**Aim of the exercise:** Pictures aside, copy every record word for word.

-------- Data for analysis

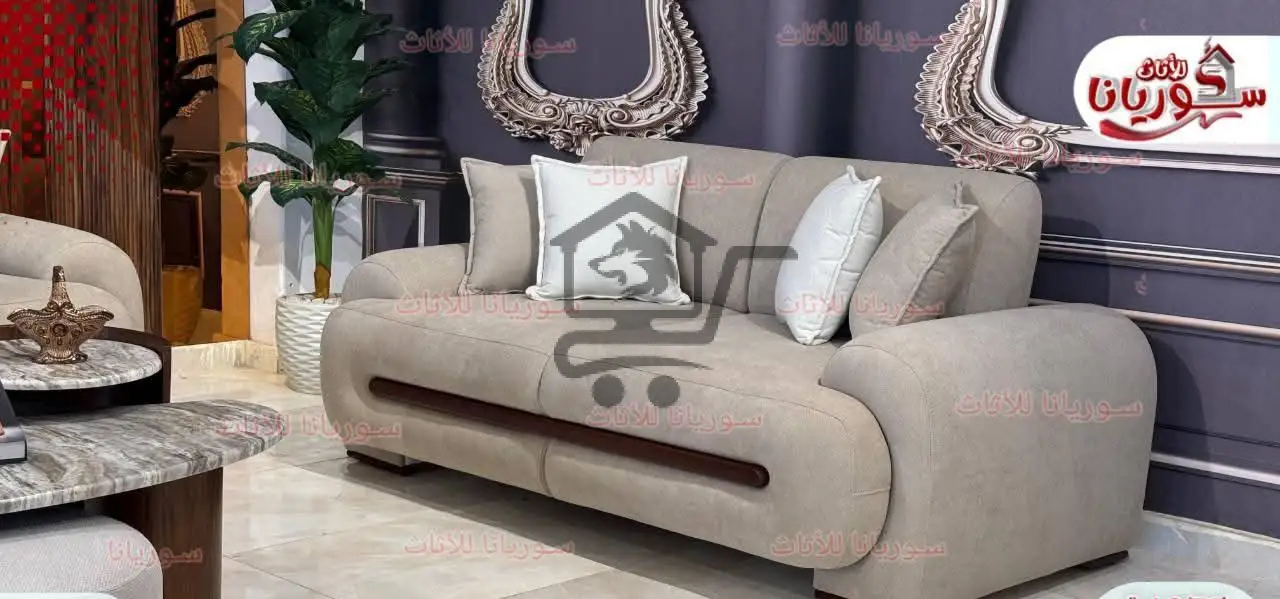 طقم جلوس - الصورة 2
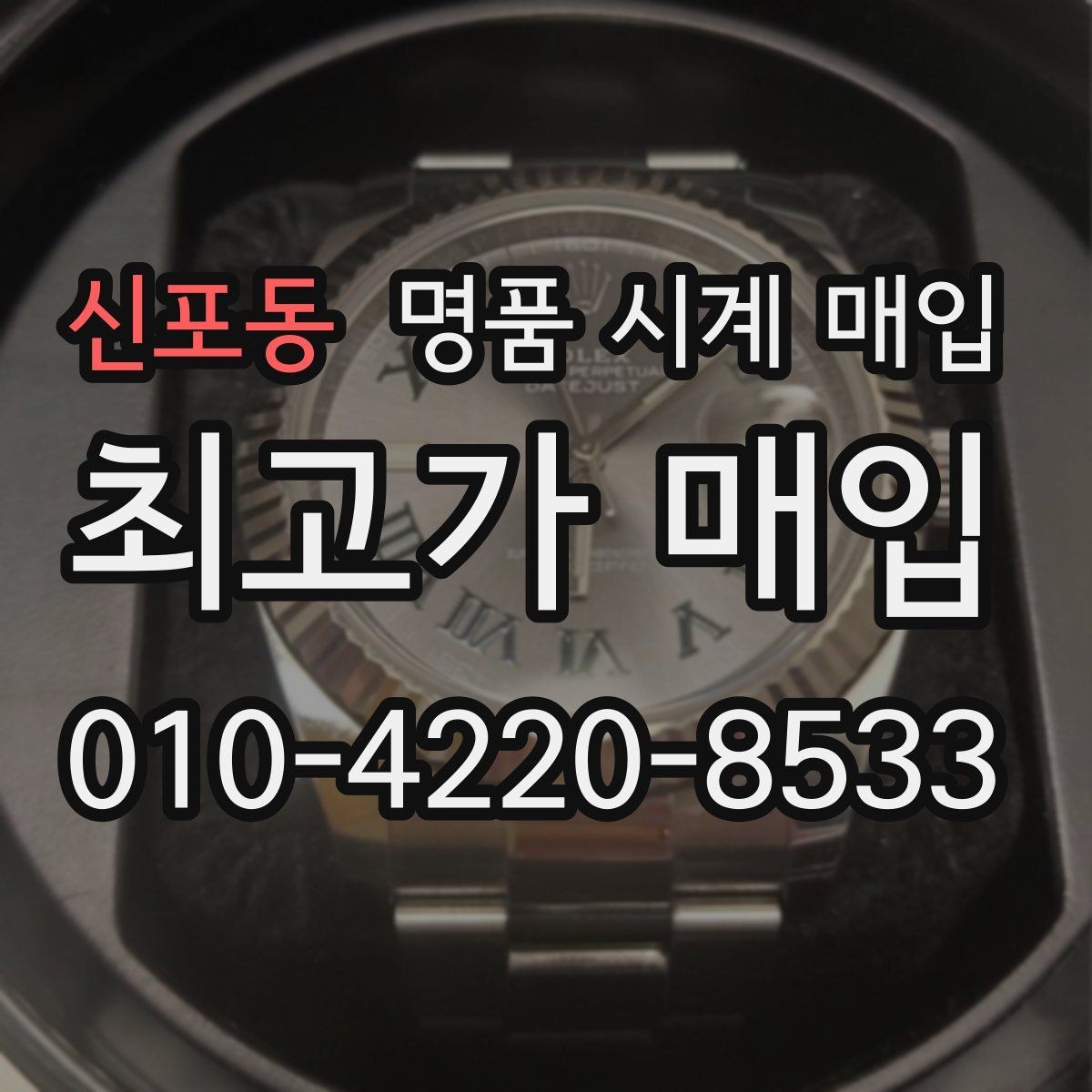 신포동 명품 시계 매입 자석 노출로 오차가 생길 수 있을까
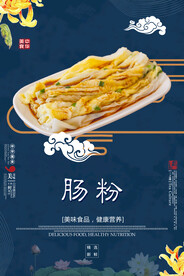 肠粉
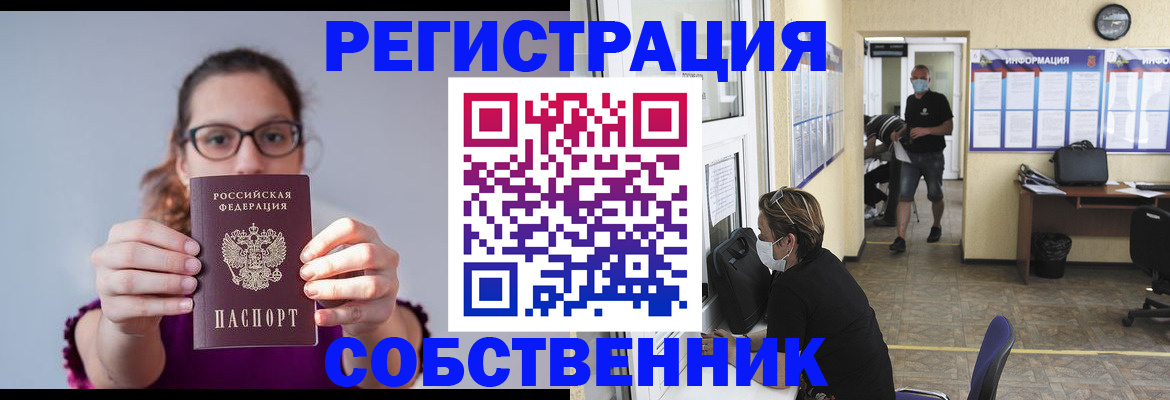 прописка гарантия в Строителе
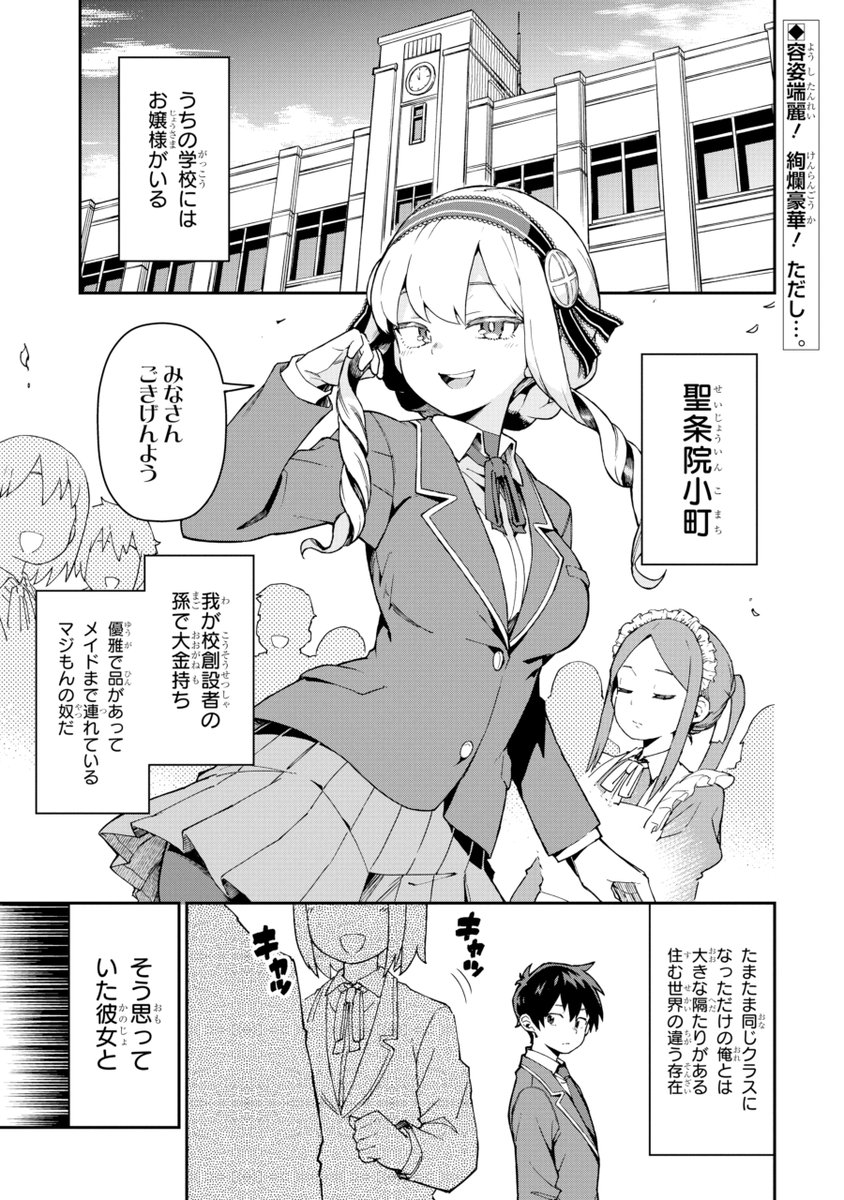 エチエチなマンガを作る部活の話(1/5) 
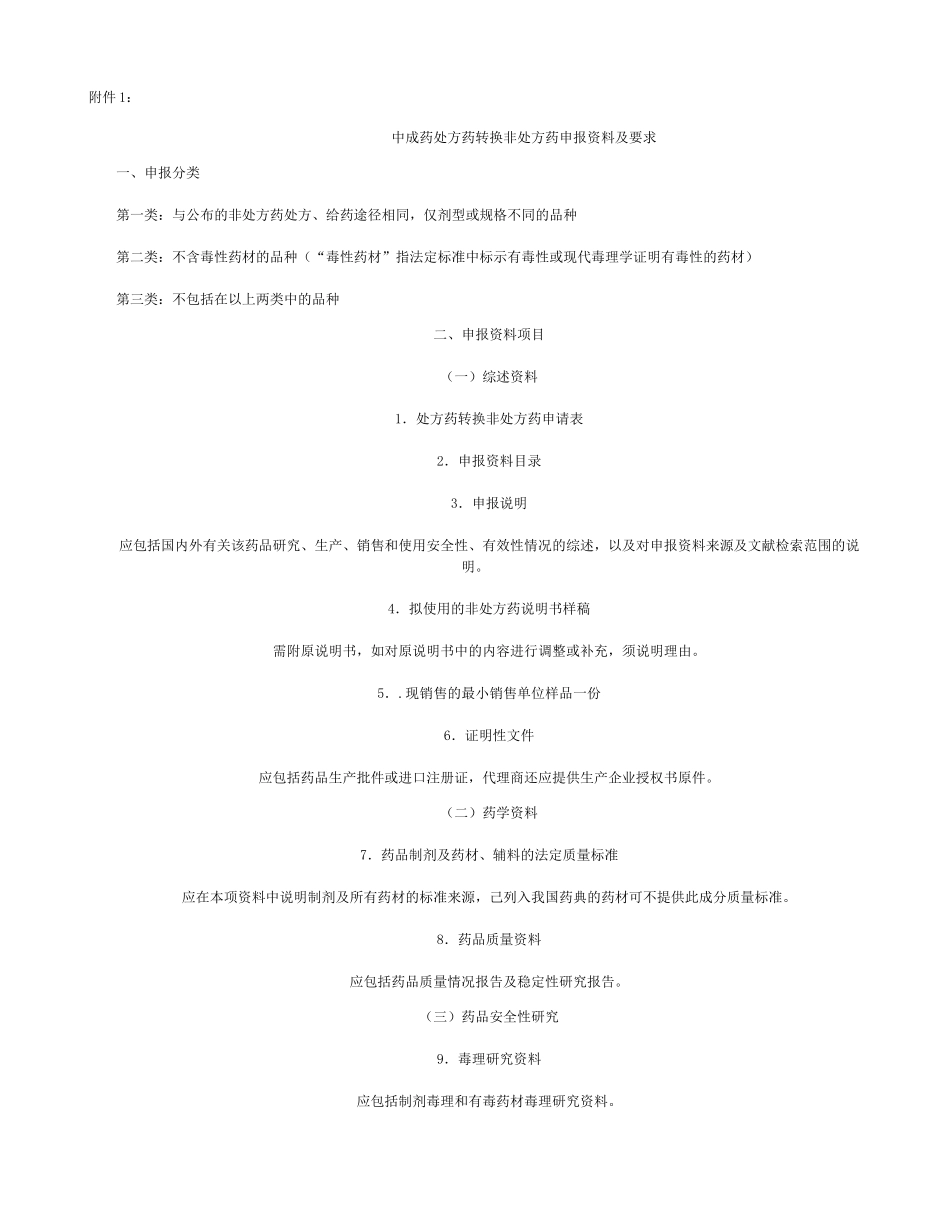 中成药处方药转换非处方药申报资料及要求-百度文库讲解.doc_第1页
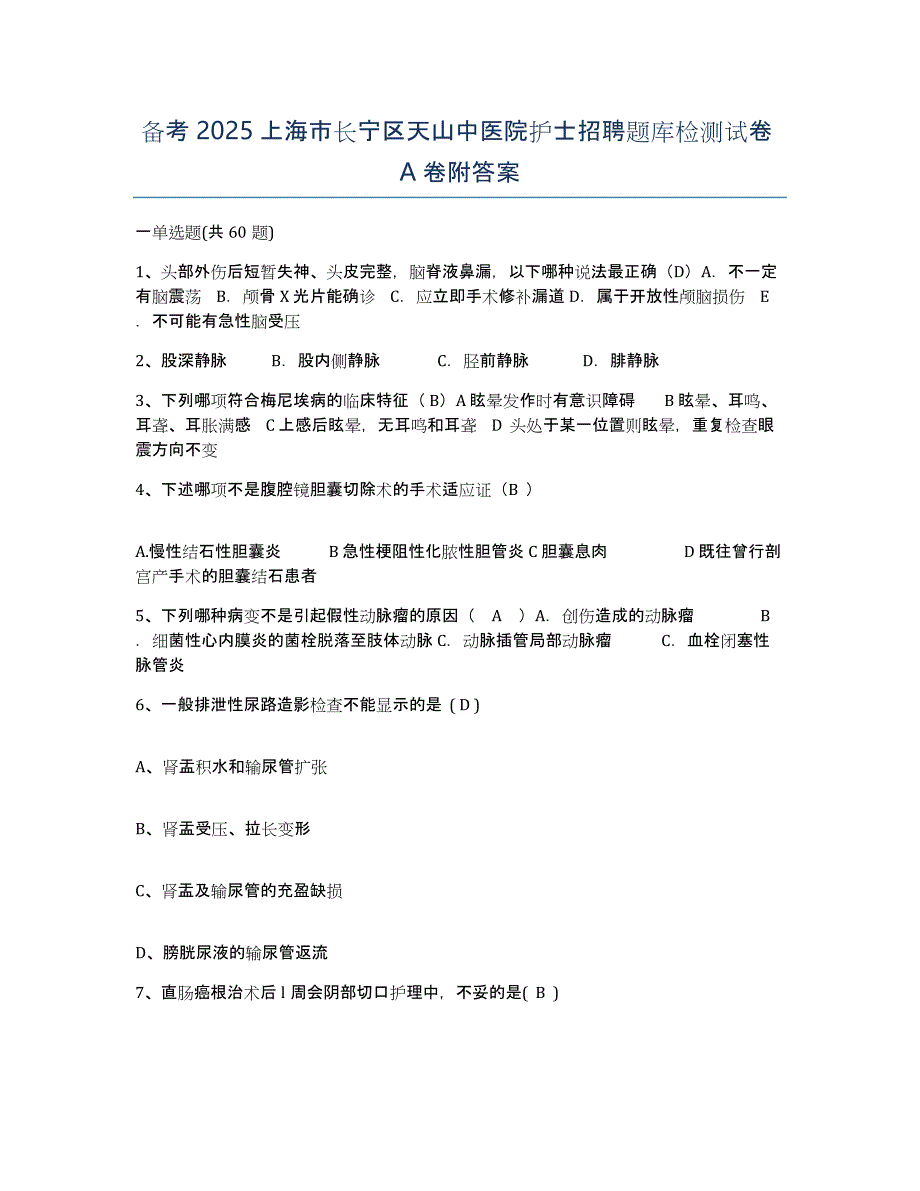 备考2025上海市长宁区天山中医院护士招聘题库检测试卷A卷附答案_第1页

----------------

**Output of the exercise:**
 طقم جلوس - الصورة 2
 신포동 명품 시계 매입 자석 노출로 오차가 생길 수 있을까
 肠粉
 прописка гарантия в Строителе
 エチエチなマンガを作る部活の話(1/5) 
 中成药处方药转换非处方药申报资料及要求-百度文库讲解.doc_第1页
 备考2025上海市长宁区天山中医院护士招聘题库检测试卷A卷附答案_第1页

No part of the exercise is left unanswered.